Ringgit ends week lower as Fed rate cut lifts greenback

Ringgit ends week lower as Fed rate cut lifts greenback

The ringgit is expected to gain further traction if investors sense the Federal Reserve is behind the curve, says analyst.

KUALA LUMPUR:
The ringgit ended the week lower, retreating from its recent rally as the US dollar strengthened following the Federal Reserve’s (Fed) move to cut its interest rate, an economist said.

Bank Muamalat Malaysia Bhd chief economist Afzanizam Abdul Rashid said the ringgit has breached the 4.20 psychological threshold, indicating that the recent rally may be short-lived as the Fed maintains a cautious stance on monetary easing.

“The RM4.20 level per dollar appears to be a key psychological point, which the ringgit may intermittently surpass when expectations of a US rate cut intensify.

“We foresee emerging market currencies, including the ringgit, would gain further traction if traders and investors sense that the Fed could be behind the curve,” he told Bernama.

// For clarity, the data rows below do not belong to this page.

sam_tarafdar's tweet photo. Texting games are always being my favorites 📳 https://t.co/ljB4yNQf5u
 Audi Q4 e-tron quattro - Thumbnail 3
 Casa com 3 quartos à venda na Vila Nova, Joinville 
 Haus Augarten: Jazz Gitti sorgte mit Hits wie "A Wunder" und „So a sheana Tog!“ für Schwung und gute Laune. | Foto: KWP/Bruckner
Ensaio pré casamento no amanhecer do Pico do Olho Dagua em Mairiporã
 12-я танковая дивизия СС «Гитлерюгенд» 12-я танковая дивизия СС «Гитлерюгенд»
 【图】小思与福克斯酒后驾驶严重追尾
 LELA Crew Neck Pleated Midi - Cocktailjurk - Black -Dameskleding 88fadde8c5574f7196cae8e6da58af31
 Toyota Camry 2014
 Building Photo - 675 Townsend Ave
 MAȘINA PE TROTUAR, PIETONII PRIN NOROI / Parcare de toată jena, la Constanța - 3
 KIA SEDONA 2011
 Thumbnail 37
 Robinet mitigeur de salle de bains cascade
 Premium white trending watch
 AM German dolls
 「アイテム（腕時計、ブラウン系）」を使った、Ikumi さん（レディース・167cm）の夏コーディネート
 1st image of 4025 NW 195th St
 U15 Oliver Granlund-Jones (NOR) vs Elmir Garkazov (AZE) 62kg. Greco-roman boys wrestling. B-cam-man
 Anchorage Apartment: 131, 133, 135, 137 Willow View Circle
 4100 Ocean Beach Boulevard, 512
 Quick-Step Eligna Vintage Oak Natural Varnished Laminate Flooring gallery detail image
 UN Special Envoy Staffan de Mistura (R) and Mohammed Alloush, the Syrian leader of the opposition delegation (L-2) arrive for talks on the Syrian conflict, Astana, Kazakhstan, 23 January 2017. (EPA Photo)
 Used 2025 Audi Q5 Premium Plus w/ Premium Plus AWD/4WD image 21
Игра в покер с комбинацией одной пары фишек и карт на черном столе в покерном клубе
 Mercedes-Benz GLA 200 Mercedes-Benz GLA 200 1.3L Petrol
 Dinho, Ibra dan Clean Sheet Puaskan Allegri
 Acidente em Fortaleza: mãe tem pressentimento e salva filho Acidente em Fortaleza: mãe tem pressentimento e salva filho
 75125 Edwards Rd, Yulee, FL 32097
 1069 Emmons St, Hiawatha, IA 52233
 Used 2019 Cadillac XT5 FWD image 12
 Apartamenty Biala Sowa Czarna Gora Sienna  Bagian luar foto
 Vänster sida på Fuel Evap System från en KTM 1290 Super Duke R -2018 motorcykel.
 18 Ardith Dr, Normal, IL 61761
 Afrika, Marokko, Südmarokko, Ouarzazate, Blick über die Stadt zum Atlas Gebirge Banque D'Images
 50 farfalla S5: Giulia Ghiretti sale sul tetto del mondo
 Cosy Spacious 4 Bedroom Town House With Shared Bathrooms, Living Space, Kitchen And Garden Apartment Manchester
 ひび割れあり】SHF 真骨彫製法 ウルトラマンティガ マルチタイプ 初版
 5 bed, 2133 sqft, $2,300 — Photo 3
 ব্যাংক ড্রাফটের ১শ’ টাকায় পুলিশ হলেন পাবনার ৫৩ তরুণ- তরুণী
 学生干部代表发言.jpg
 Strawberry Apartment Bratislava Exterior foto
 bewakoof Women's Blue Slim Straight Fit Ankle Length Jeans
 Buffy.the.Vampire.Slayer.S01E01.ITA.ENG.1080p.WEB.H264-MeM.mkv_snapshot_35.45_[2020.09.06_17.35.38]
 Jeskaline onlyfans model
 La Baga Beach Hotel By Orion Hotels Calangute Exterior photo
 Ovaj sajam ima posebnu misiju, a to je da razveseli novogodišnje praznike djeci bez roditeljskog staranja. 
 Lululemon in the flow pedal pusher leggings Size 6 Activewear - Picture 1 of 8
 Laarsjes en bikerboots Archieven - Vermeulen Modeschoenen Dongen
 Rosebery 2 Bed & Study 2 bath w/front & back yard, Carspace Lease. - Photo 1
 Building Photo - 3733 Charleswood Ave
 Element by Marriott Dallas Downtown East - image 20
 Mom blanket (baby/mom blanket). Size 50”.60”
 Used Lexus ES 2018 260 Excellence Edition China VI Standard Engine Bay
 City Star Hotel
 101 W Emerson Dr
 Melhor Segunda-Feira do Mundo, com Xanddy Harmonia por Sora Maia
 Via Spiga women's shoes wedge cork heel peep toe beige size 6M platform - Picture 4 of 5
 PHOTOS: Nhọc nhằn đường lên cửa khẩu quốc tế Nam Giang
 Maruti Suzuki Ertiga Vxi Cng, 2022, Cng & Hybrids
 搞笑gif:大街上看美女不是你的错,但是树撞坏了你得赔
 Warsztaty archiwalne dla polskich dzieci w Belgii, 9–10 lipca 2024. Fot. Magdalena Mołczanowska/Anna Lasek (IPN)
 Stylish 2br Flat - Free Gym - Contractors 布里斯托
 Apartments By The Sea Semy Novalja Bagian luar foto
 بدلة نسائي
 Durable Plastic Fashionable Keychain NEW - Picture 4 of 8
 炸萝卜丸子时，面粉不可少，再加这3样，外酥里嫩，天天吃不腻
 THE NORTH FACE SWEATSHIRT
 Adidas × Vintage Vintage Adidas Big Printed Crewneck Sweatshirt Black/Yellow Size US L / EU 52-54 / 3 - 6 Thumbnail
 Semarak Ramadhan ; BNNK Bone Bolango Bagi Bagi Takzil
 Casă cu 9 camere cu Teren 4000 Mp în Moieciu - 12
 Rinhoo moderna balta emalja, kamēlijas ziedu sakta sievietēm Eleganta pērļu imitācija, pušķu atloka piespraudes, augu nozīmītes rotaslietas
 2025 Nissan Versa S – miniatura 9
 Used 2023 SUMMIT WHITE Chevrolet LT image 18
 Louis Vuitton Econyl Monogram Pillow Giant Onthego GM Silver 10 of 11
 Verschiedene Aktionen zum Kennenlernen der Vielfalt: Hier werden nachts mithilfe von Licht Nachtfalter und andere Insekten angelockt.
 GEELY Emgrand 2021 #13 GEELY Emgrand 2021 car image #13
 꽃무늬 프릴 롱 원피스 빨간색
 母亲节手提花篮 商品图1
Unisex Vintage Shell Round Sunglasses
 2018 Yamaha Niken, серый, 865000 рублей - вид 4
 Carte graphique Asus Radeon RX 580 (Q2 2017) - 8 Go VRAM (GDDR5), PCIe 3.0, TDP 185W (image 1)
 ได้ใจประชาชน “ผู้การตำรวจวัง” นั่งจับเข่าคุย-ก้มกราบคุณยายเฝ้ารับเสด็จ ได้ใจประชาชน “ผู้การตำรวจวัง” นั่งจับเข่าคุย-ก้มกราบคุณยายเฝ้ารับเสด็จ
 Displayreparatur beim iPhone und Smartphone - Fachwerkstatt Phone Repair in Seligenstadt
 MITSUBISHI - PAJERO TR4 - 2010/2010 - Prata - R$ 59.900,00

At 6pm, the local note stood at 4.2040/4.2115 against the US dollar, down from yesterday’s close of 4.1945/4.1995.

At the close, the ringgit traded higher against major currencies.

It strengthened versus the Japanese yen at 2.8419/2.8471 from 2.8484/2.8520, improved to 5.6775/5.6876 against the British pound from 5.7238/5.7306 yesterday and gained vis-à-vis the euro to 4.9447/4.9536 from 4.9654/4.9714 previously.

Meanwhile, the local note traded mixed against Asean currencies.

It appreciated against the Singapore dollar at 3.2744/3.2805 from 3.2800/3.2842 yesterday and rose to 253.2/253.8 against the Indonesian rupiah from 253.7/254.2 previously.

However, it depreciated against the Thai baht at 13.1973/13.2271 from 13.1903/13.2114 yesterday, and declined vis-a-vis the Philippine peso to 7.36/7.38 compared with yesterday’s close of 7.35/7.36.